[Source data]
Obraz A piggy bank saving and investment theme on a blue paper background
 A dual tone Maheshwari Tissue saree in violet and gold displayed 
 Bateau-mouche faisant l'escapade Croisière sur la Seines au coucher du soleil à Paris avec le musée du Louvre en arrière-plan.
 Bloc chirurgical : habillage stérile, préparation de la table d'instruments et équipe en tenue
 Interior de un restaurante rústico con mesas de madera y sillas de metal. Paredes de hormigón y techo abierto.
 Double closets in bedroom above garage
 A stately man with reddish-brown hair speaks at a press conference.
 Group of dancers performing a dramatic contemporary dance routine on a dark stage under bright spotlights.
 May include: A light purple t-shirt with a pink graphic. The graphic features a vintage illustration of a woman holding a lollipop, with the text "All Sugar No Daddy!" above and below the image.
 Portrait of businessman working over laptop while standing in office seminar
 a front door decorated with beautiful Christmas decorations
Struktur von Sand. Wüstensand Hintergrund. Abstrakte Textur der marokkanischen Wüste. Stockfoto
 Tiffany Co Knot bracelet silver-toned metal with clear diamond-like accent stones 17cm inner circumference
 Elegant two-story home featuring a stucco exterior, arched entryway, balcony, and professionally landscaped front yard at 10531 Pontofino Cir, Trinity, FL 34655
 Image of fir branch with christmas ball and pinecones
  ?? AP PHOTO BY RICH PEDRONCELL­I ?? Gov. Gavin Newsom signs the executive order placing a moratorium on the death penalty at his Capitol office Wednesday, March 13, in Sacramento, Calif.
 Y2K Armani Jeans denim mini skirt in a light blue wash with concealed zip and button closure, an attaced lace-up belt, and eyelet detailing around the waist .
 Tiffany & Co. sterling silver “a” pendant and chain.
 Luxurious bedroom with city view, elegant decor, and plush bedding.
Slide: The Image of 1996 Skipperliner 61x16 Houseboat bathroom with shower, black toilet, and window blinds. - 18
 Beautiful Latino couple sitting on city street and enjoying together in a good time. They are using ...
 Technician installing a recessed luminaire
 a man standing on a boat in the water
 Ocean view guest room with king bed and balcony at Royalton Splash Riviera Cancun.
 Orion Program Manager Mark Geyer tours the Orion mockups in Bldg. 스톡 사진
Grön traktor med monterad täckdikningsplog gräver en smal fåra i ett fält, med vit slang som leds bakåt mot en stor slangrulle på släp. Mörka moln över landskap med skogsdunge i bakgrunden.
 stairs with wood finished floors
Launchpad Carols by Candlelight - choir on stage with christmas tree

Required work:
Start at the first line of the entries and stop at the line with "Bloc chirurgical : habillage". Retype each of those lines exactly, both ends included.

Response box:
Obraz A piggy bank saving and investment theme on a blue paper background
 A dual tone Maheshwari Tissue saree in violet and gold displayed 
 Bateau-mouche faisant l'escapade Croisière sur la Seines au coucher du soleil à Paris avec le musée du Louvre en arrière-plan.
 Bloc chirurgical : habillage stérile, préparation de la table d'instruments et équipe en tenue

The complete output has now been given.